HA Metrics on Non-clustered Systems?
javester asks: "Has anybody given any thought to compiling metrics for high-availability for the different OSs on a high-availability non-clustered system? Is 'High-availability Windows' an oxymoron? Can you even get close the 5 9s (99.999% which is about 5 minutes of downtime a year) on a typical stand-alone Windows 2000 Server running IIS 5 with typical patch-it-up, three-finger salute routine? If you are just serving up a web-site on a plain-vanilla Windows box, how highly-available can it get? By my calculations, with the typical reboot cycle being 3 minutes, and with a security patch requiring a reboot being released on a weekly basis - a stand-alone high-availability Windows box looses about 156 minutes a year just applying patches!
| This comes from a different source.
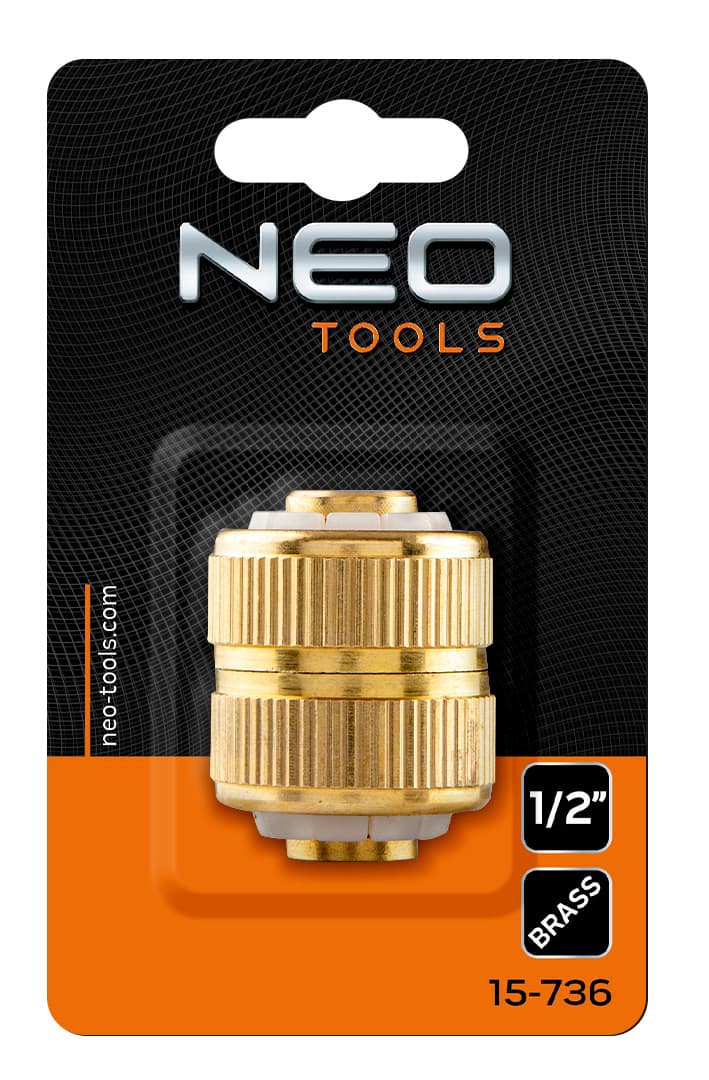 NEO TOOLS Mesični reparator za cev, 1/2" 6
So it can never get past the third 9! In *nix environments, reboots are not required as often (except for kernel changes - how APT!), since you can recycle the appropriate daemon without restarting. But really, has anybody made a formal study?"
Now wouldn't this make an interesting college project?
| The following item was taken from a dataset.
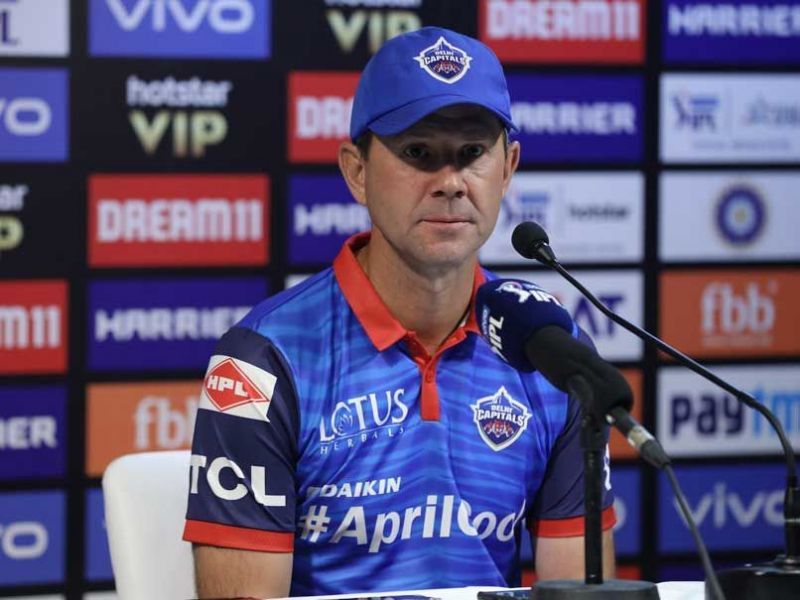 Indian Premier League 2021: Ricky Ponting Gives Rousing Speech As He Meets Delhi  Capitals Squad For First Time. Watch | Cricket News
Where are the _real_ (not marketdroid) numbers for HA systems? My impression is that companies never want to give out uptime numbers. If you'd like to do any sort of study I would suspect that you can't just walk up to IBM and say: "Hi! I'm a college student. Can I have you HA stats?" It will take much negotiation and then years to collect the data. I.e.: not a college project unless your advisor is Ghod and can bend companies to his will and you start the study as a freshman.
"...reboots are not required as often, since you can recycle the appropriate daemon without restarting." Umm, you can? What gave you the impression that this was the case in general? Certainly for simple apps like sendmail or apache one can do this but any more complicated app is much more involved. For example, take the recent update of /.: can you update a Slash-based site merely by cylcing (HUPing) a daemon? No, there was a huge database conversion involved.
Finally, it is going to be very hard to get statistically significant results with such a high degree of precision. For example, mon will track downtime. It says that my mailserver has been available 99.95% of the time over the past two years. I know that is wrong (and mon notes this as well). The server hasn't gone down at all but the method of measurement (snmp) has introduced error because it's availablility isn't 100%.